DATA SHOWN:
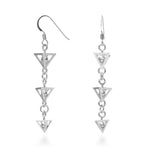 A photo of the Diminished Third Earrings, which are a flurry of motion at every turn. Three pentahedrons (square pyramids) of angled sterling, inside of each lies a captive sphere of silver. Each pentahedron diminishes in size down the 50mm length of the earring, and all three are joined together loosely to flow and twist and move, catching light and eyes everywhere you go. These come suspended from hypoallergenic Argentium silver hooks for added comfort and exceptional tarnish resistance.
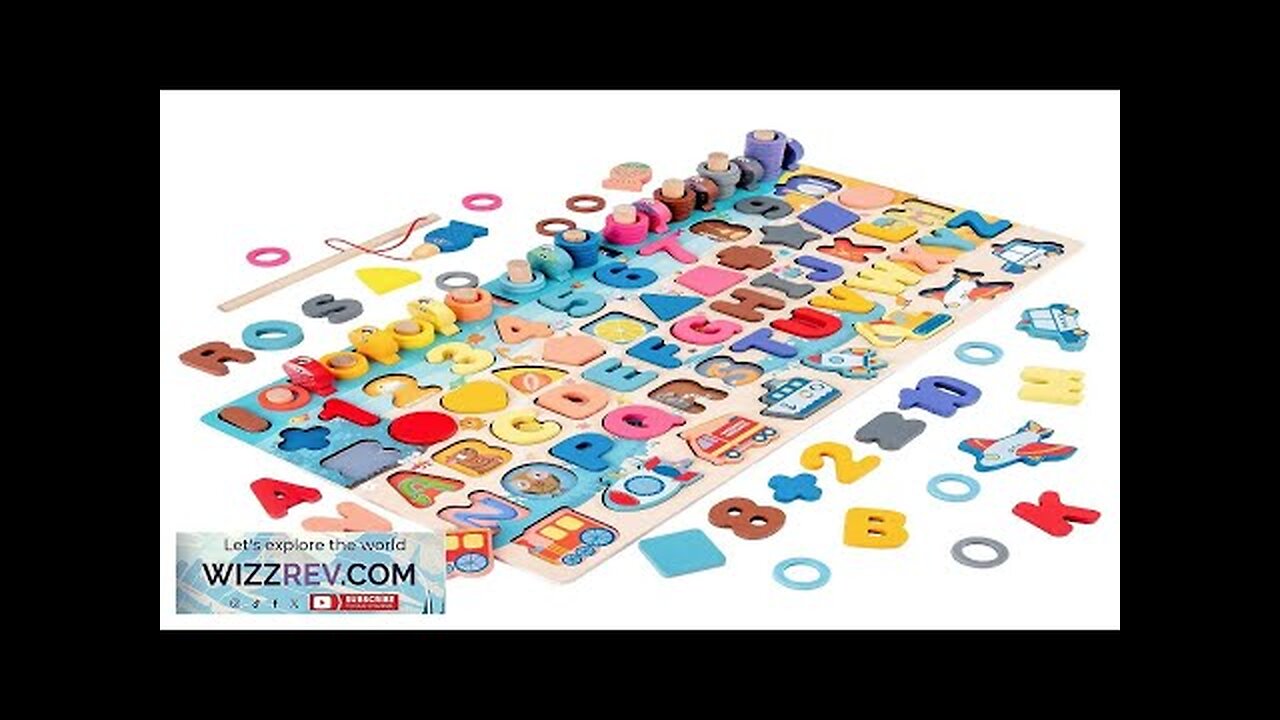Montessori Wooden Toys Kids Busy Board Animal Math Fishing Numbers ...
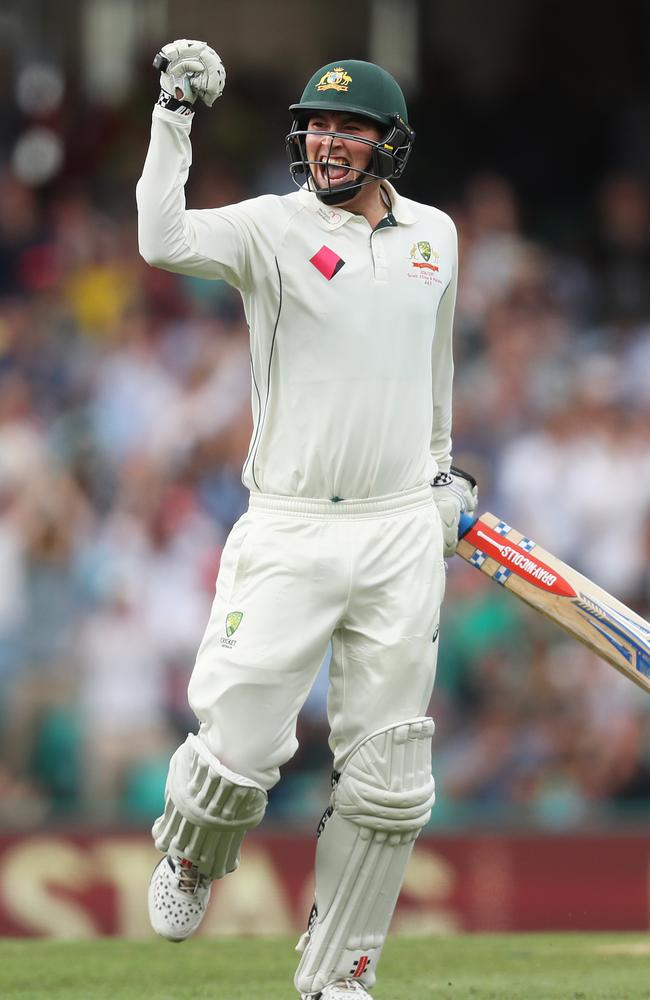 Former Australian Test batsman Matt Renshaw celebrates his maiden test century. Picture: Brett Costello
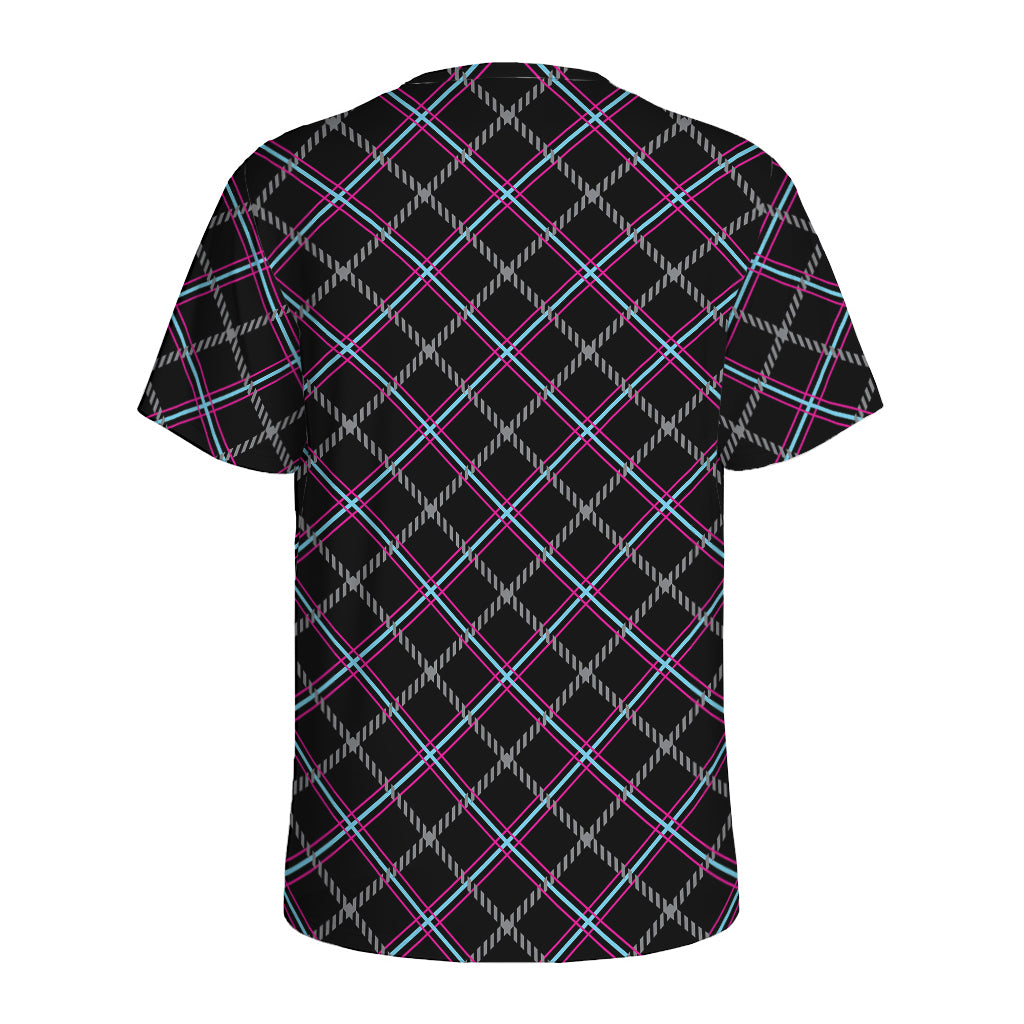 Black Grey Blue And Pink Tartan Print Men's Sports T-Shirt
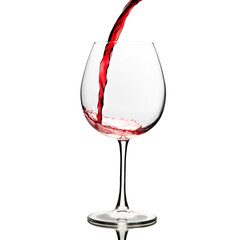 Red wine is poured into a glass goblet on a white background.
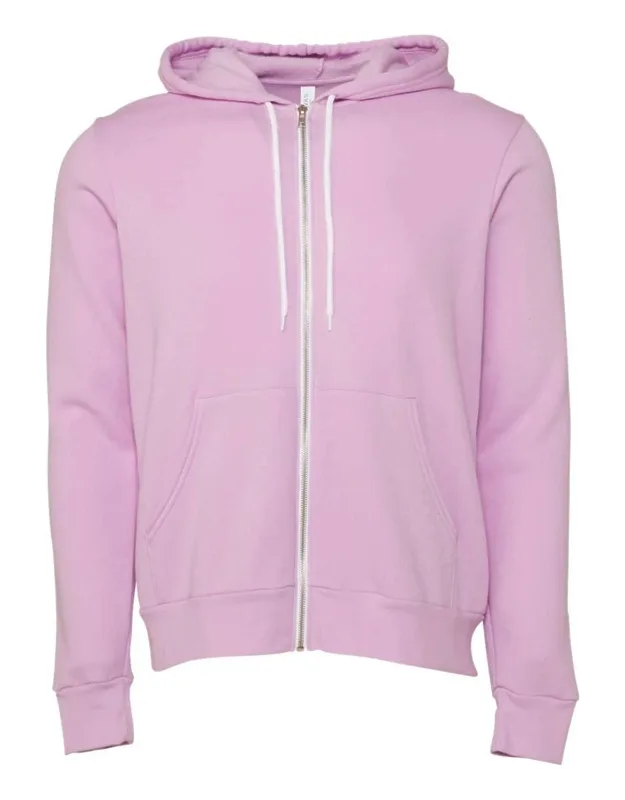 Sponge Fleece Full-zip Hoodie With Ribbed Cuffs And Split-pouch Pocket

ABOUT THIS TASK:
Restate word for word the lines from the one with "Former Australian Test" to the end of the material, both included. Do not include the pictures.

ANSWER FOR THE TASK:
 Former Australian Test batsman Matt Renshaw celebrates his maiden test century. Picture: Brett Costello
 Black Grey Blue And Pink Tartan Print Men's Sports T-Shirt
 Red wine is poured into a glass goblet on a white background.
 Sponge Fleece Full-zip Hoodie With Ribbed Cuffs And Split-pouch Pocket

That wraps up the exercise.